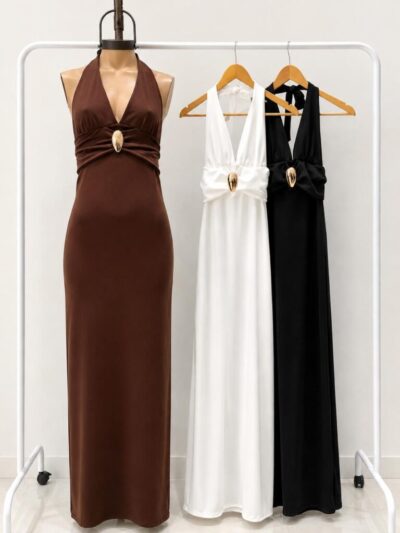 VESTIDO LARGO AL CUELLO ACCS CENTRO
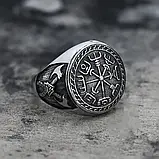 Чоловіче сталеве кільце VEGVISIR 19 печатка перстень з медичної нержавіючої сталі 316L з Компасом вікінгів, фото 6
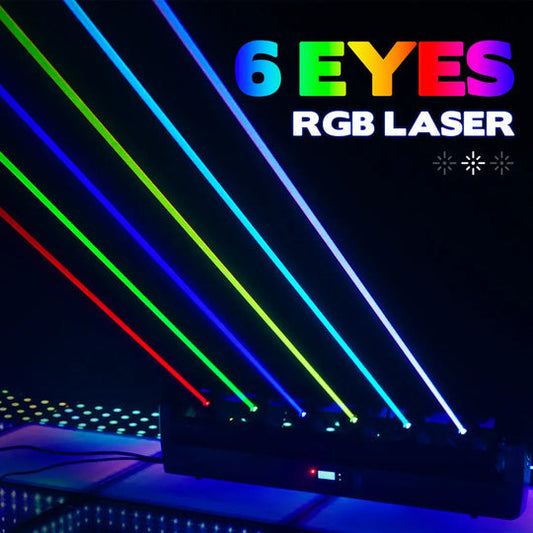 Six-Eye Rotating Laser Projector - Multi-Beam Lighting System 💫🌀🔴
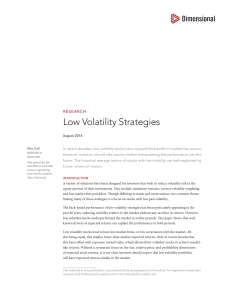 Low Volatility Strategies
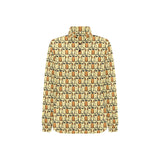 English Bulldog Pattern Print Design 02 Women's Long Sleeve Polo Shirt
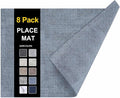 homing Faux Leather Heat Resistant Placemats 8 Packs, Waterproof Wipeable Dining PU Place Mats for Indoor & Outdoor, Easy to Clean, Denim Blue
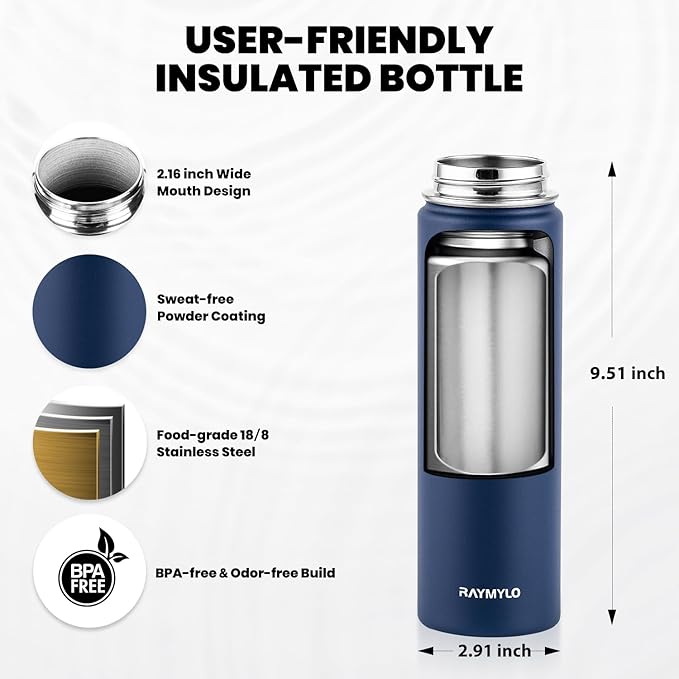 RAYMYLO Insulated Water Bottle 20 oz, Triple Wall Vacuum Stainless Steel (Cold for 24Hrs, Hot for 12Hrs), Leak Proof & Non-BPA, Kids Water Bottle Jug for School with Straw Spout Lids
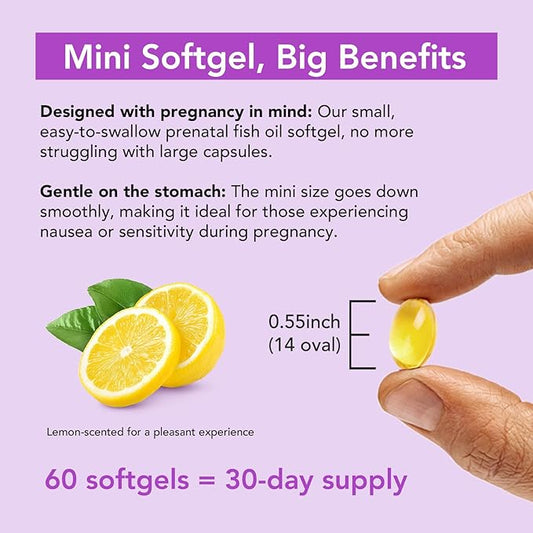 Premom Prenatal DHA Fish Oil: Triglyceride Omega 3 with 470mg DHA, 200mg EPA + 400 IU VIT D3 Supplement - Fertility Support for Women - Globally Sourced from Wild Caught Fish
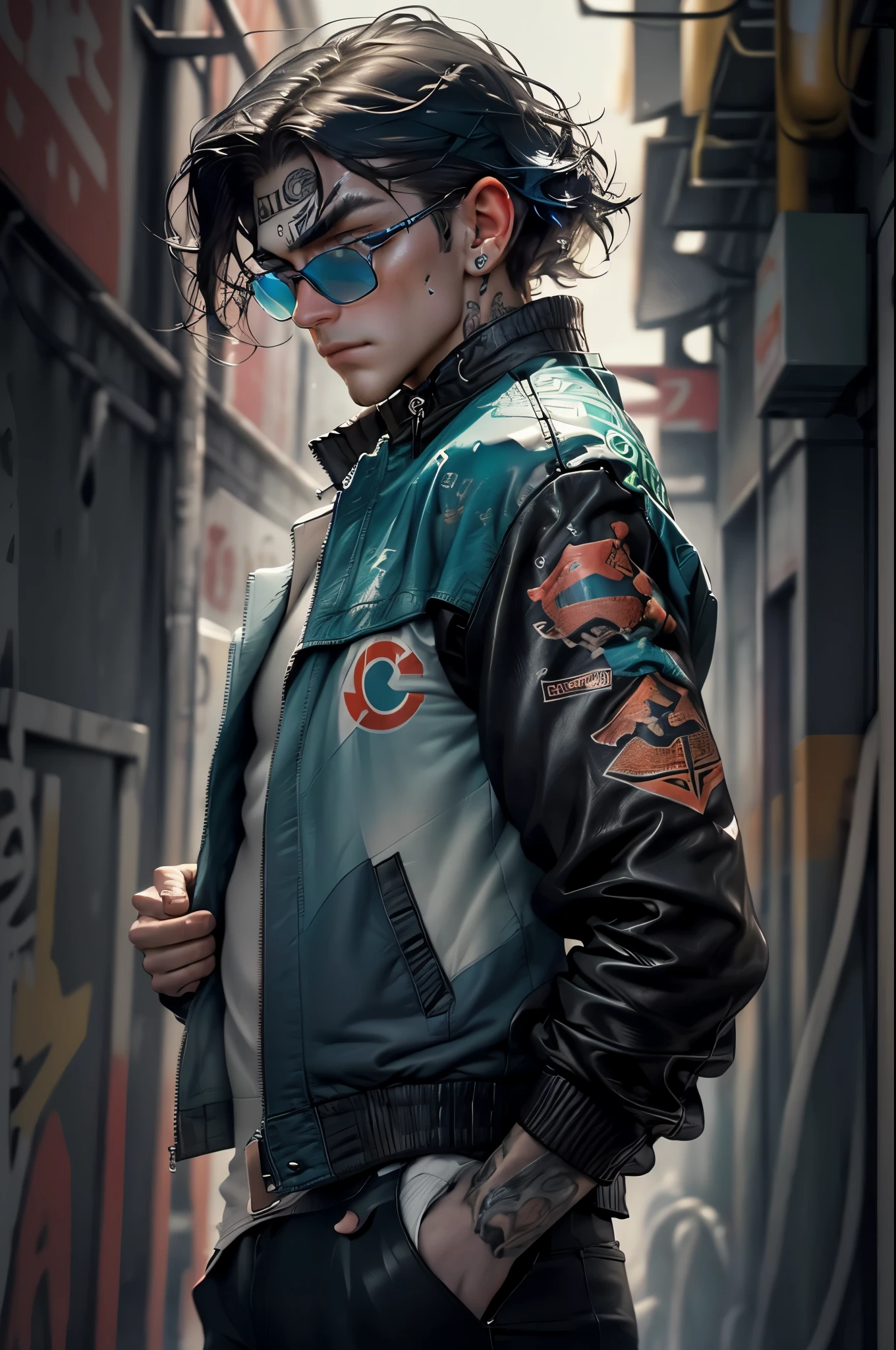 the best possible quality, Ultra-resolution 8K, impressive illustration, The best of everything, award-winning, like being the best, Skin texture: 1.4, super masterpiece, super detailed, Hyper detailed, ((beautiful young man, virile, confident self:1.3)), Cowboy hat:1.4, Leather belt with buckle, weapons in each hand, Action pose Add effect at the end., (Petrol blue leather jacket:1.5), scarf collar length, ( Sunglasses on his head tattoos on the body:1.5), military pants:1.3, ((cyan, brown, black and white colors: 1.5)), background scenery paint stains beautiful colors epic: 1.5, Photorealistic: 1.4 , 32k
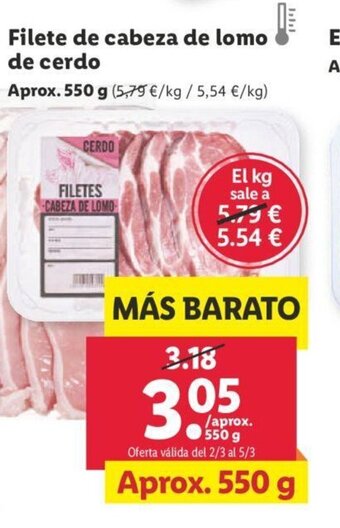 Lidl Filete de Cabeza De Lomo De Cerdo oferta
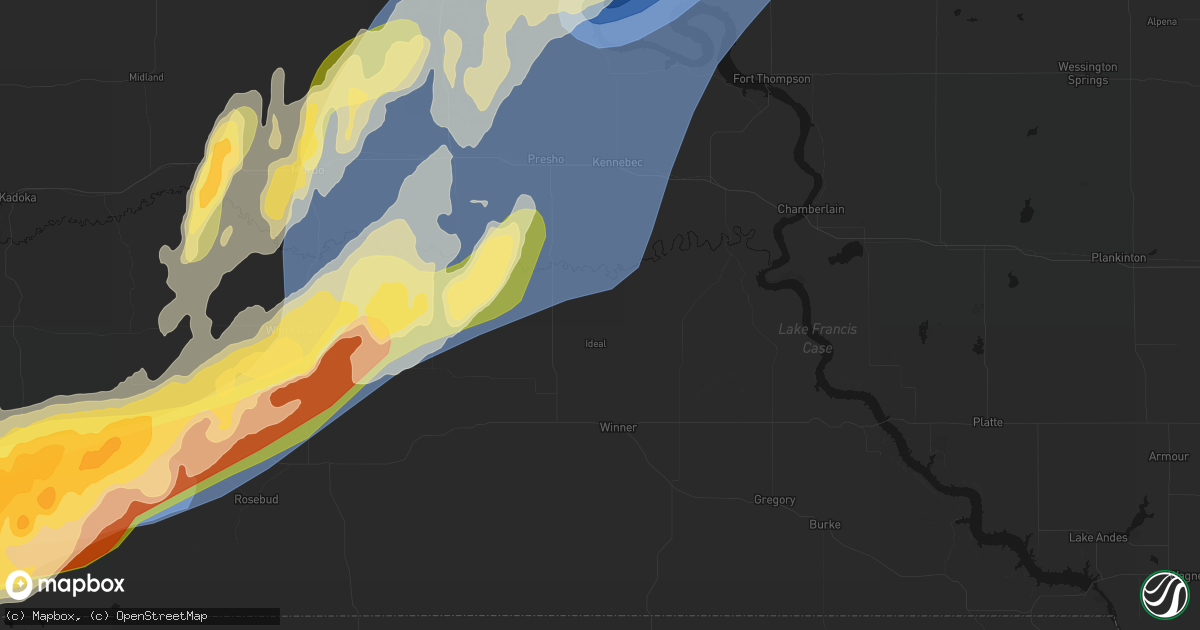 Hail map in Ideal, SD on June 28, 2026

══════════════════════════════

◆ YOUR TASK: In your copy, include no pictures, but set down every record exactly.

◆ REPLY:
 VESTIDO LARGO AL CUELLO ACCS CENTRO
 Чоловіче сталеве кільце VEGVISIR 19 печатка перстень з медичної нержавіючої сталі 316L з Компасом вікінгів, фото 6
 Six-Eye Rotating Laser Projector - Multi-Beam Lighting System 💫🌀🔴
 Low Volatility Strategies
 English Bulldog Pattern Print Design 02 Women's Long Sleeve Polo Shirt
 homing Faux Leather Heat Resistant Placemats 8 Packs, Waterproof Wipeable Dining PU Place Mats for Indoor & Outdoor, Easy to Clean, Denim Blue
 RAYMYLO Insulated Water Bottle 20 oz, Triple Wall Vacuum Stainless Steel (Cold for 24Hrs, Hot for 12Hrs), Leak Proof & Non-BPA, Kids Water Bottle Jug for School with Straw Spout Lids
 Premom Prenatal DHA Fish Oil: Triglyceride Omega 3 with 470mg DHA, 200mg EPA + 400 IU VIT D3 Supplement - Fertility Support for Women - Globally Sourced from Wild Caught Fish
 the best possible quality, Ultra-resolution 8K, impressive illustration, The best of everything, award-winning, like being the best, Skin texture: 1.4, super masterpiece, super detailed, Hyper detailed, ((beautiful young man, virile, confident self:1.3)), Cowboy hat:1.4, Leather belt with buckle, weapons in each hand, Action pose Add effect at the end., (Petrol blue leather jacket:1.5), scarf collar length, ( Sunglasses on his head tattoos on the body:1.5), military pants:1.3, ((cyan, brown, black and white colors: 1.5)), background scenery paint stains beautiful colors epic: 1.5, Photorealistic: 1.4 , 32k
 Lidl Filete de Cabeza De Lomo De Cerdo oferta
 Hail map in Ideal, SD on June 28, 2026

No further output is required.